Source material =>
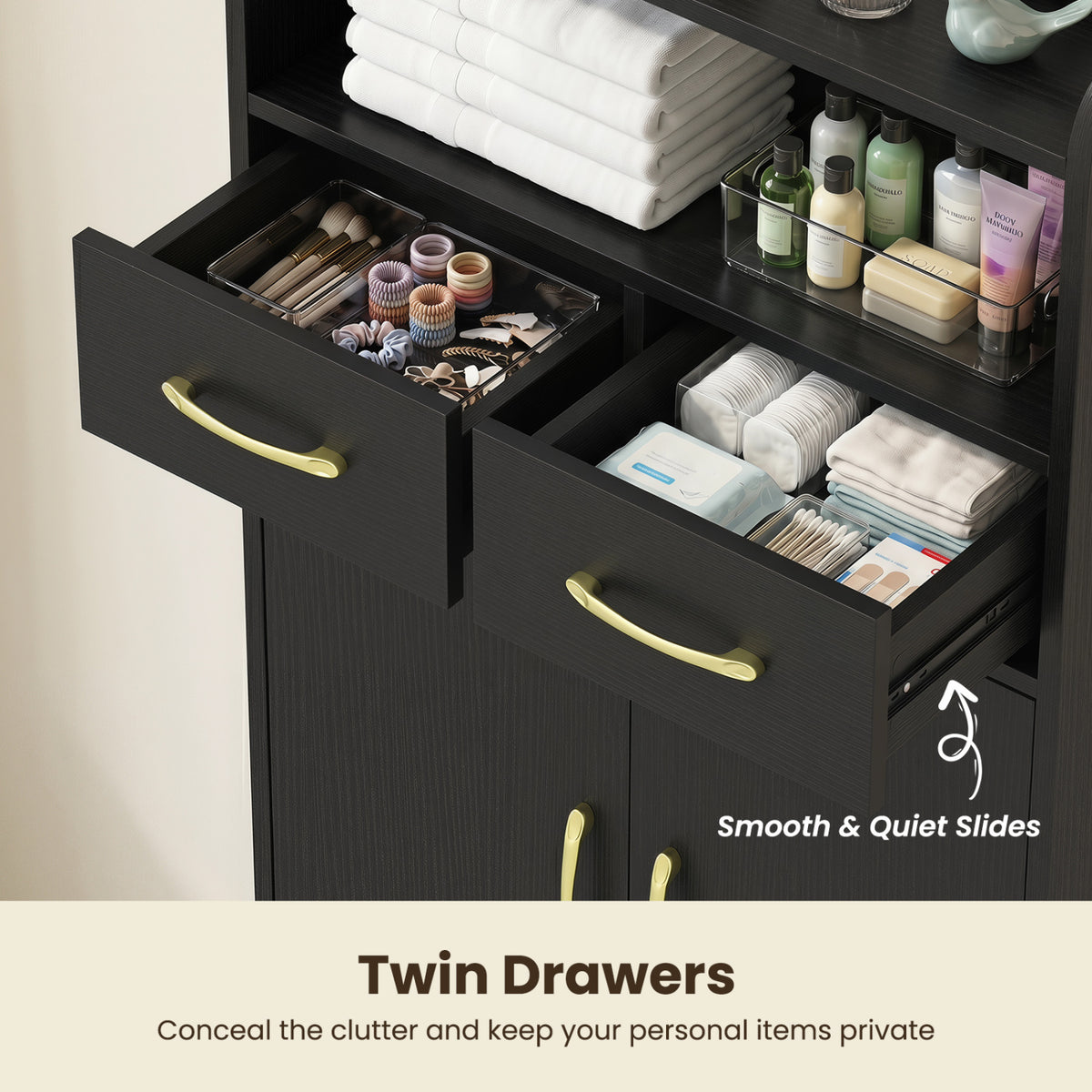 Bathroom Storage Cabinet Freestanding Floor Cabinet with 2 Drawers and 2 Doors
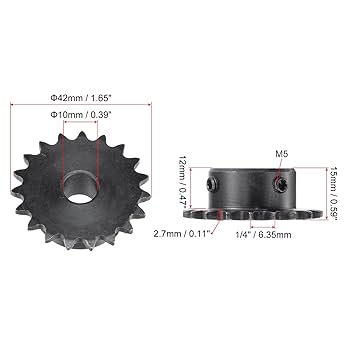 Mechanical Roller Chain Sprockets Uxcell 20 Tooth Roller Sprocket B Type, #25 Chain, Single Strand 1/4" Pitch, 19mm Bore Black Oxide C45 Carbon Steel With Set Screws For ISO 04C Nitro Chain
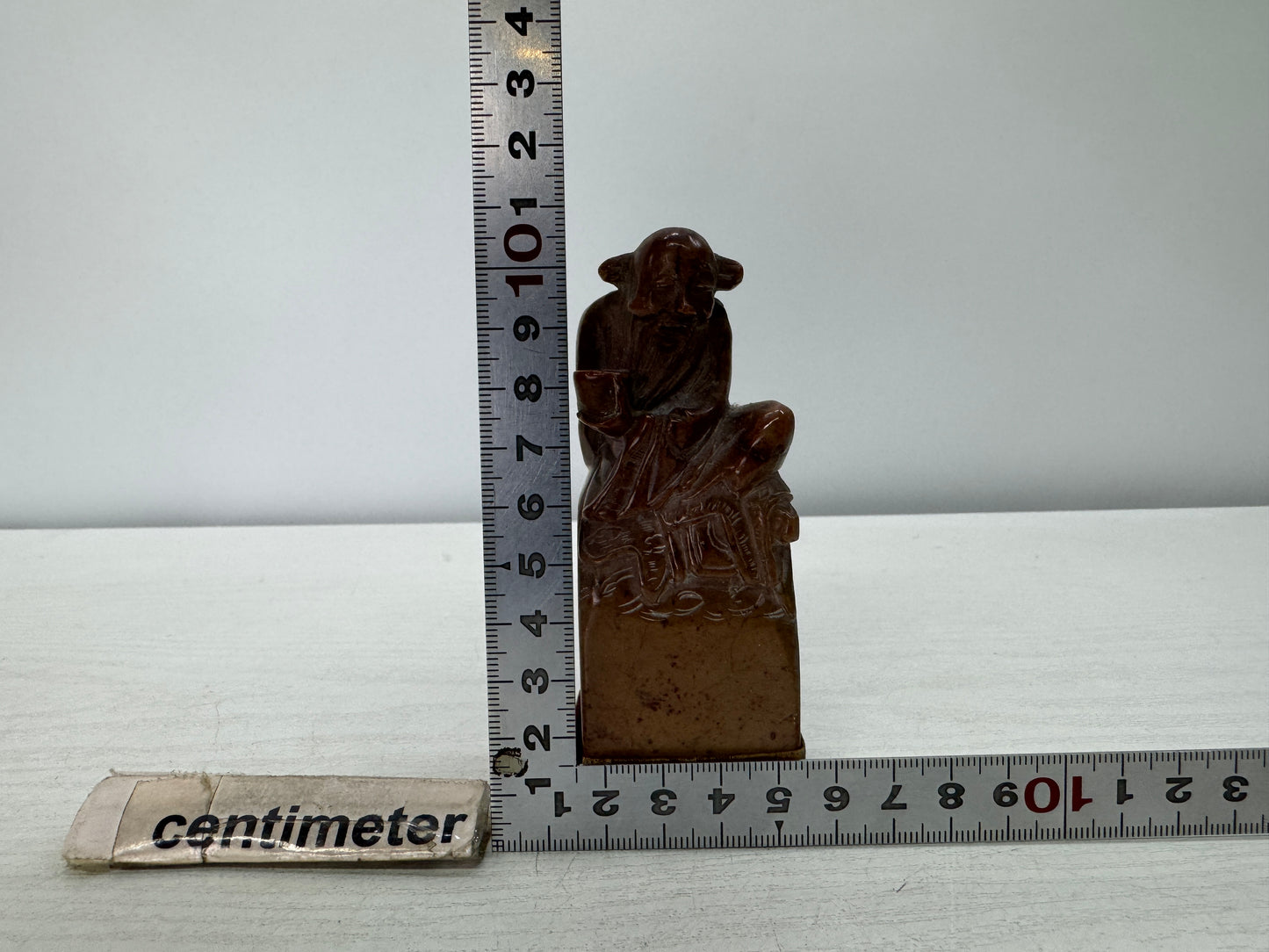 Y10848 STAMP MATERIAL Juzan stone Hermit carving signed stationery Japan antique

Prompt => The output is the data above, repeated exactly, with pictures omitted.

Solution to the exercise =>
 Bathroom Storage Cabinet Freestanding Floor Cabinet with 2 Drawers and 2 Doors
 Mechanical Roller Chain Sprockets Uxcell 20 Tooth Roller Sprocket B Type, #25 Chain, Single Strand 1/4" Pitch, 19mm Bore Black Oxide C45 Carbon Steel With Set Screws For ISO 04C Nitro Chain
 Y10848 STAMP MATERIAL Juzan stone Hermit carving signed stationery Japan antique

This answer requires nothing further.